Crédit photo Lydie Colder

Malgré les quotas, les entreprises restent trop rétives à l’emploi des personnes handicapées, pointe la sociologue Anne Revillard dans son livre sur les politiques handicap. Outre un bilan mitigé, la sociologue les appelle à sortir du déni et propose des pistes ambitieuses.

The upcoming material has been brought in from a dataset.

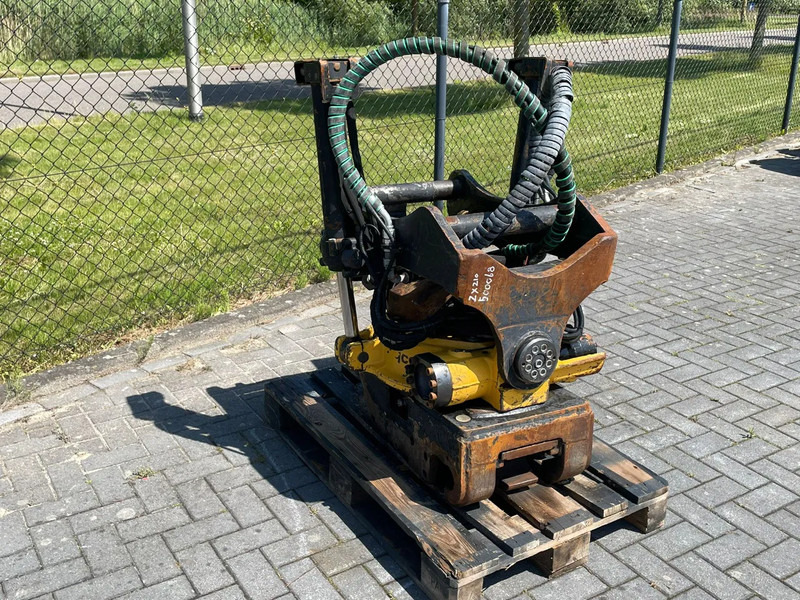 Engcon S70 | TILT ROTATOR | ROTOTILT - Draaikantelstuk voor Bouwmachine: afbeelding 4 Engcon S70 | TILT ROTATOR | ROTOTILT - Draaikantelstuk voor Bouwmachine: afbeelding 4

Non-discrimination, quotas : malgré l’arsenal juridique pour encourager l’emploi des personnes handicapées, ces dernières « souffrent d’une marginalité persistante face au monde du travail », rappelle Anne Revillard dans son livre sur les politiques handicap et l’emploi, paru aux presses de Sciences Po. Et de citer ces chiffres accablants : sur 2,8 millions de personnes reconnues handicapées, seules 35 % sont en emploi, et le taux de chômage reste deux fois supérieur à la moyenne nationale. Synthétique, son ouvrage dresse un état des lieux critique des dispositifs existants : discriminations à l’embauche « persistantes », emploi protégé (Esat, entreprises adaptées) efficace mais offrant peu de passerelles en milieu ouvert, manque de moyens des réseaux pour l’insertion et le maintien dans l’emploi (Cap emploi-Sameth). Bien que louables, ils seraient « foisonnants » et « trop peu évalués », selon la sociologue.

Stratégies d’évitement

Au cœur du livre : la fameuse obligation d’emploi (6 % de travailleurs handicapés dans les entreprises d’au moins 20 salariés), sous peine d’une pénalité à verser à l’Agefiph pour le privé. De quoi pousser les grands groupes à signer des accords handicap, efficaces mais peu nombreux selon l’auteure. Anne Revillard pointe là aussi le manque d’évaluation « de cette obligation pourtant centrale ». Ou les stratégies de contournement des entreprises, comme la préférence donnée à la sous-traitance aux ESAT plutôt qu’à l’embauche. Des faits connus. Le propos est plus intéressant sur le problème de l’obligation de maintien en emploi en cas d’inaptitude (TMS, maladies psychiques en essor). Qui se traduirait dans les faits par des licenciements, « parfois à moindre coût », plutôt que par des reclassements ou des adaptations de postes, selon l’auteure. Un déni qui ne saurait durer, car « la dégradation des conditions de travail et le vieillissement de la population active augmentent le risque de problèmes de santé invalidants chez les personnes en emploi », alerte la chercheuse.

Normaliser le handicap

Pour sortir de l’impasse, Anne Revillard livre des pistes concrètes pour changer la donne. À lire : une réflexion assez intéressante sur les stéréotypes liés au handicap, ni victime, ni héros. Si former le management est nécessaire, « ces transformations engagent des dispositifs matériels, des changements dans l’organisation spatiale et temporelle du travail et des procédures claires sur les demandes et le suivi des aménagements ». Un défi de taille, vu par une bonne experte du sujet.